The activity of the parent Standard, Ltd. in this judicial district at the time of commencement of this action is bound up with the presence of three of its employes, Messrs. Warren, Andrews and Johnson. Mr. Warren, who was served with process in behalf of Standard, Ltd. is a member of its Board of Directors and its export sales director. Apparently his presence is in connection with intra organization affairs, as is that of his fellow employes. Whether such presence was sporadic or continuous at the time of commencement of this action is not at all clear from plaintiff's moving papers.[7] And on this motion plaintiff must sustain the burden of proving the presence of the defendant it undertakes to sue.[8]

In passing it should be noted that the parent Standard, Ltd. has never been resident in this judicial district; has no officers or directors residing here; has not qualified to do business here; has no books or records here; has never held directors' or shareholders' meetings here; has not owned or leased property of any kind here; maintains neither office nor bank accounts here; has no listing in directories or offices here; does no advertising here; and does not solicit and make collections here. "An `estimate of the inconveniences' which would result to the corporation from a trial away from its `home' or principal place of business,"[9] more than three thousand miles across an ocean from this continent, makes it unreasonable to require the corporation to defend the particular suit which is brought here.

Motion of defendant Standard, Ltd. is accordingly granted.

This is an order. No settlement is necessary.

NOTES

[1] Jacobowitz v. Thomson, 2 Cir., 141 F.2d 72, 75.

[2] Ronson Art Metal Works, Inc., v. Brown & Bigelow, Inc., D.C.S.D.N.Y., 104 F. Supp. 716.

[3] 267 U.S. 333, 45 S. Ct. 250, 69 L. Ed. 634.

[4] National Carbide Corp. v. Commissioner of Internal Revenue, 336 U.S. 422, 439 note 21, 69 S. Ct. 726, 93 L. Ed. 779.

[5] Mas v. Orange-Crush Co., 4 Cir., 99 F.2d 675, 677. But cf. Hudson Minneapolis, Incorporated v. Hudson Motor Car Company, D.C.D.Minn., 124 F. Supp. 720.

[6] American Chain Co., Inc., v. Stewart-Warner Speedometer Corp., D.C.S.D. N.Y., 56 F.2d 614, 616. See also Industrial Research Corp. v. General Motors Corp., D.C.N.D.W.D.Ohio, 29 F.2d 623.
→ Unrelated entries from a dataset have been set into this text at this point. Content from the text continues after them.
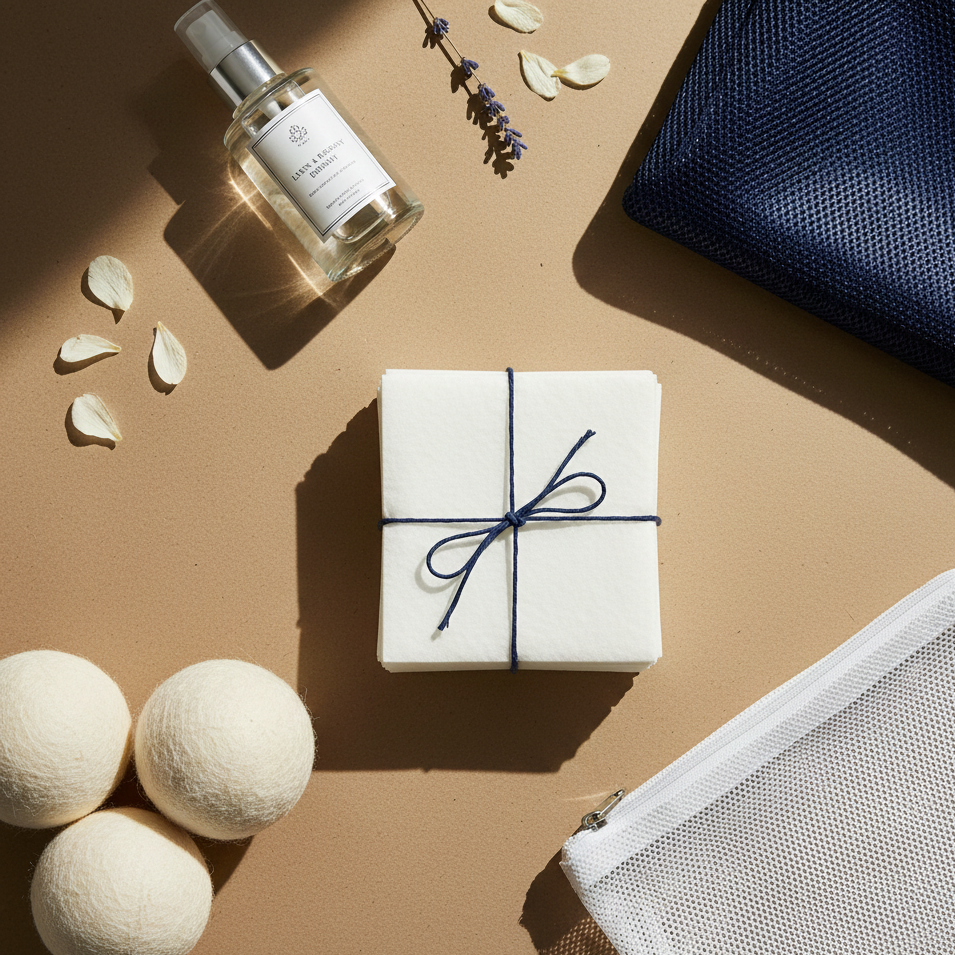 A flat lay of a beige surface featuring a small wrapped gift with a navy blue ribbon, a bottle of fragrance labeled 'Linen & Flower,' three white decorative orbs, dried lavender and flower petals, a blue textured bag, and a white mesh zippered pouch.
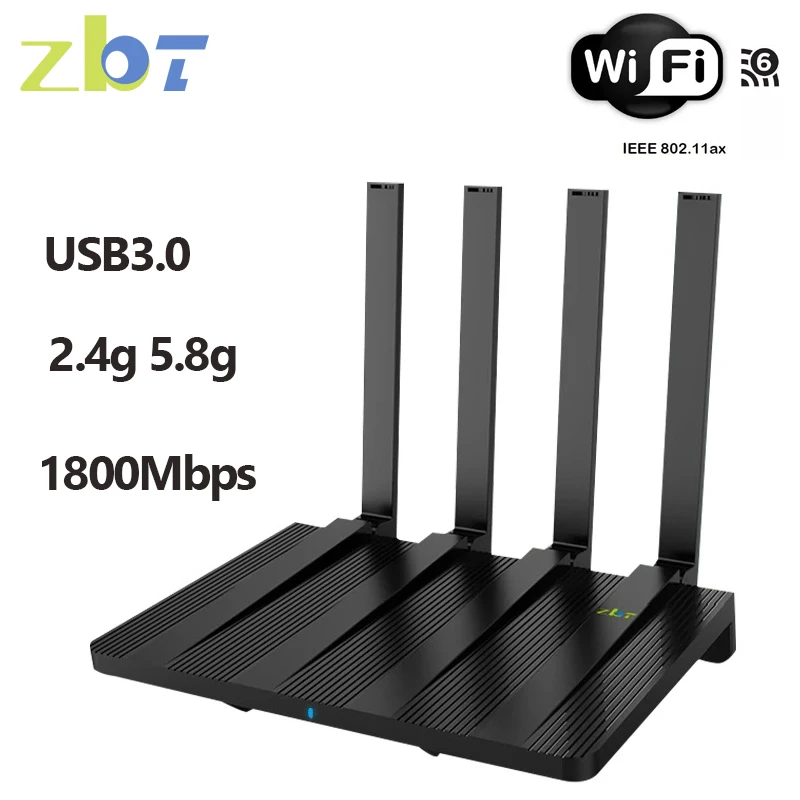 

ZBT WIFI6 Mesh WIFI Router 1800Mbps Dual Band Openwrt 256MB RAM Gigabit LAN USB3.0 Wifi 6 Hotspot 2.4ghz 5.8ghz MU-MIMO Antennas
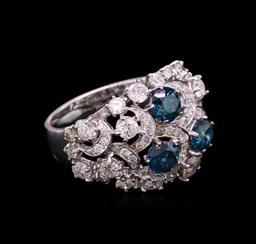 3.41 ctw Fancy Greenish Blue Diamond Ring - 14KT White Gold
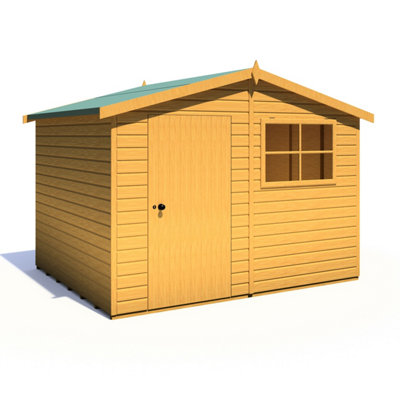 Shire Wroxham 10x8 Workshop Style D Apex Shed Single Door 19mm Loglap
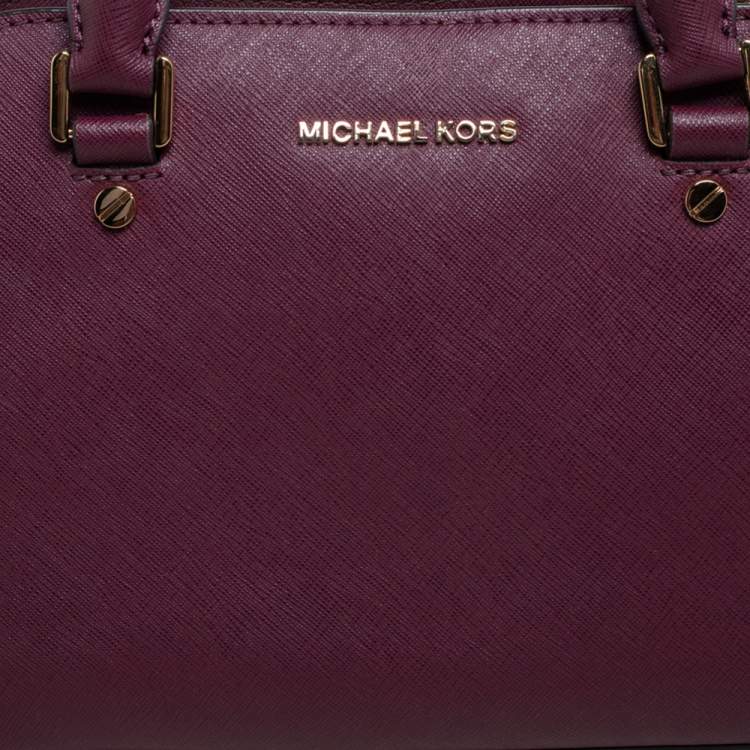 Pre Owned MICHAEL Michael Kors Plum Leather Small Savannah Satchel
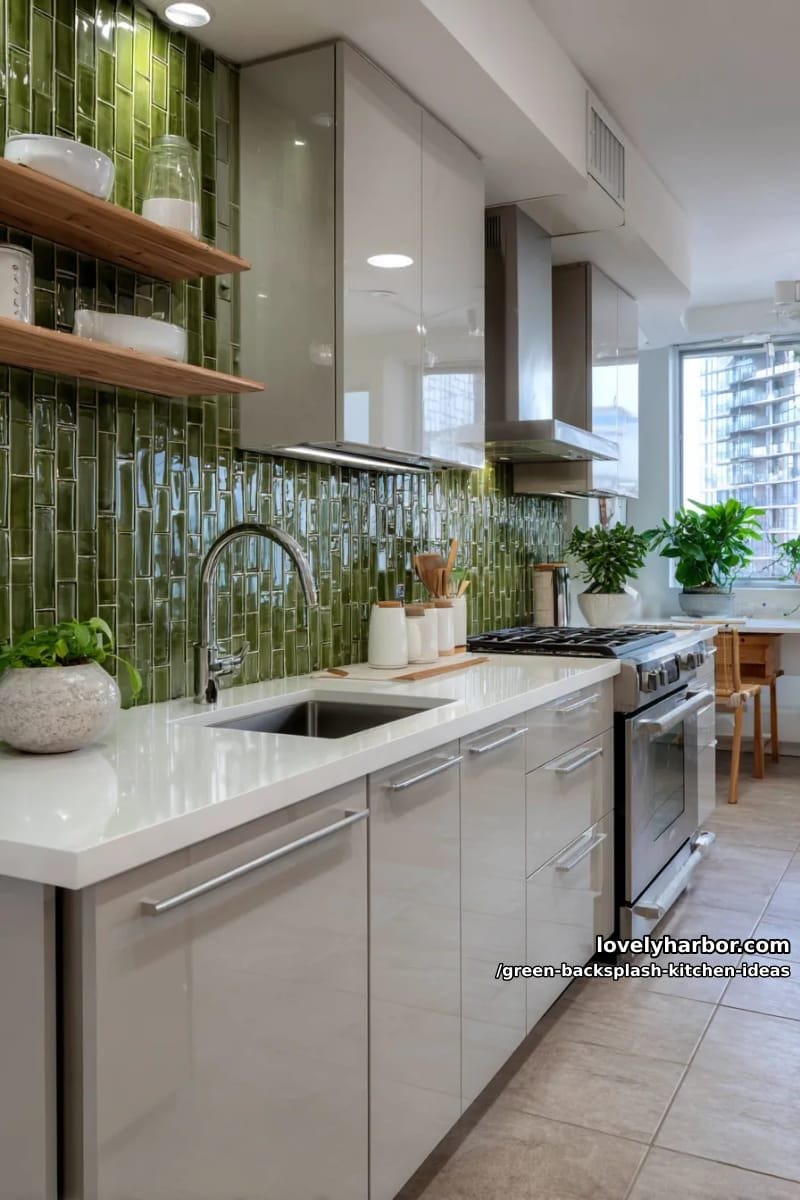 glossy moss green vertical stacked tiles for a modern touch. 1
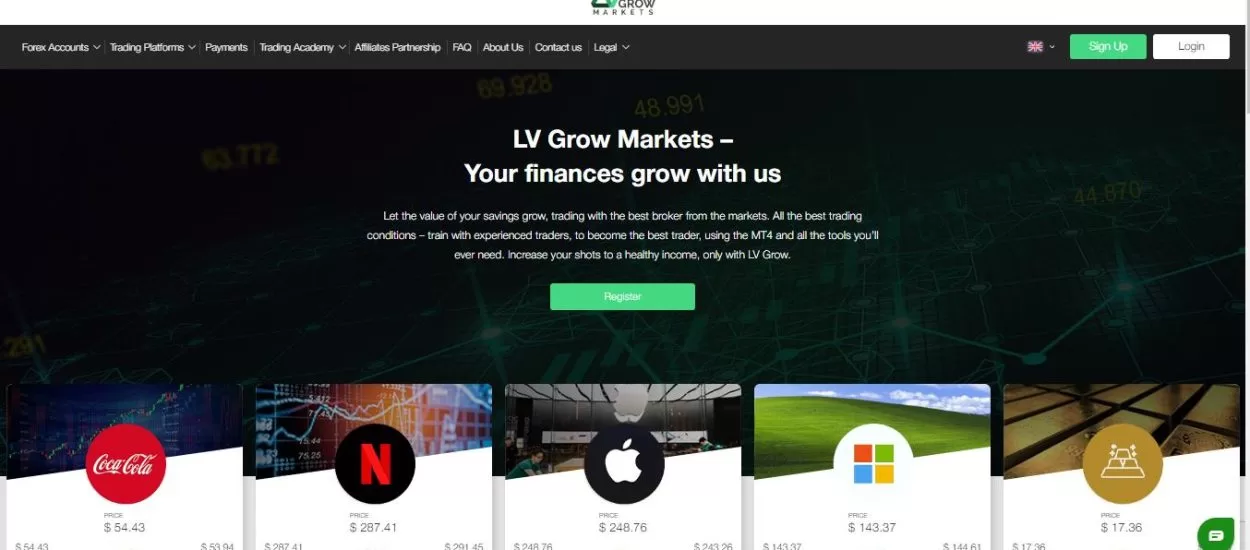 LV Grow Markets Broker Website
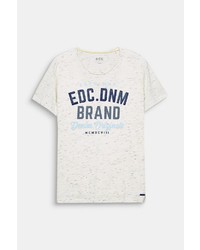 weißes bedrucktes T-Shirt mit einem Rundhalsausschnitt von edc by Esprit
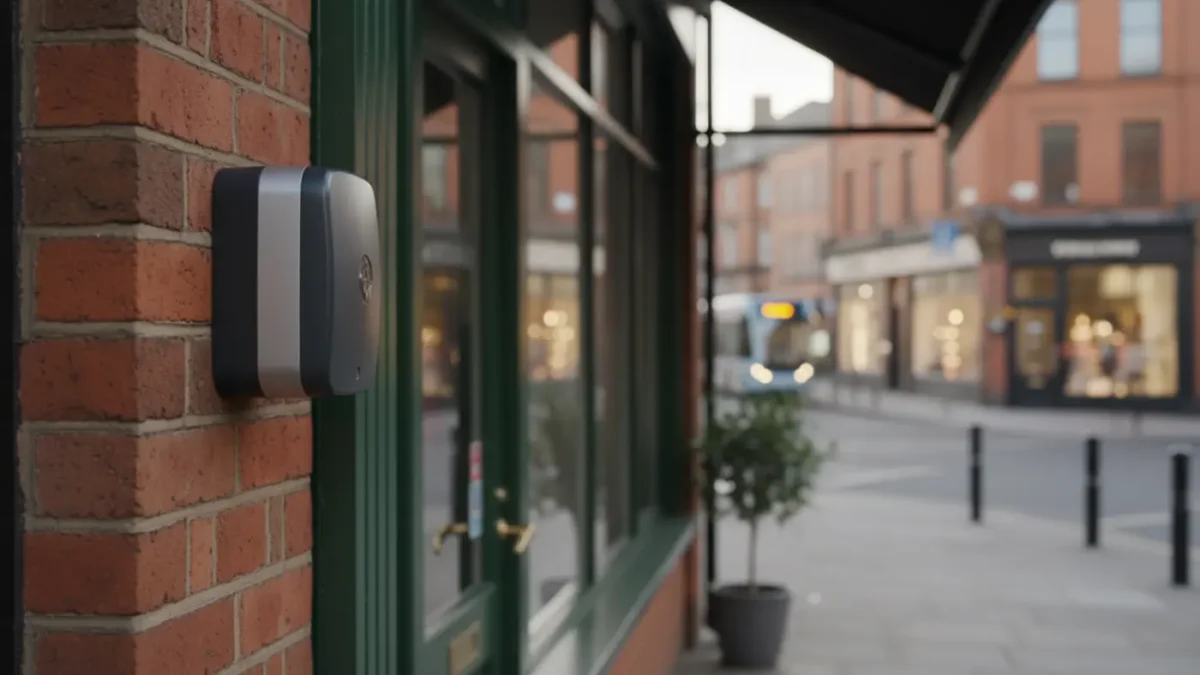 External intruder alarm siren on Manchester shopfront in soft morning light for retail security blog.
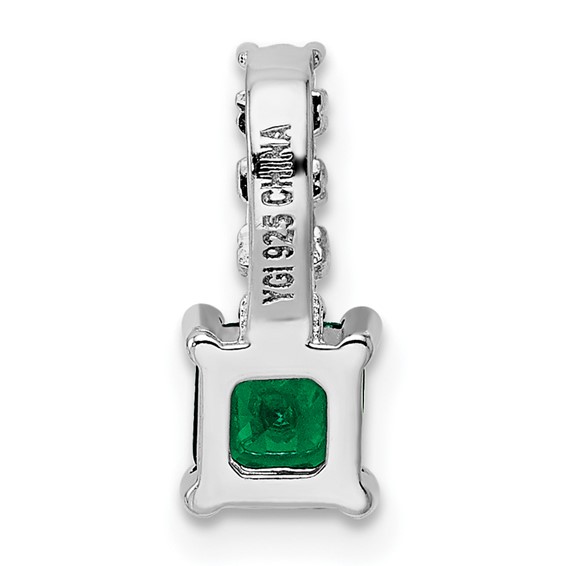 Square Gemstone & CZ Pendant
[7] Cf. Hutchinson v. Chase & Gilbert, 2 Cir., 45 F.2d 139; Hurley v. Wells Newton Nat. Corp., D.C.D.Conn., 49 F.2d 914.

[8] McNutt v. General Motors Acceptance Corporation, 298 U.S. 178, 56 S. Ct. 780, 80 L. Ed. 1135; Pure Oil Co. v. Puritan Oil Co., 2 Cir., 127 F.2d 6; Amtorg Trading Corp. v. Standard Oil Co., D.C. S.D.N.Y., 47 F. Supp. 466.

[9] International Shoe Co. v. Washington, 326 U.S. 310, 316-317, 66 S. Ct. 154, 90 L. Ed. 95.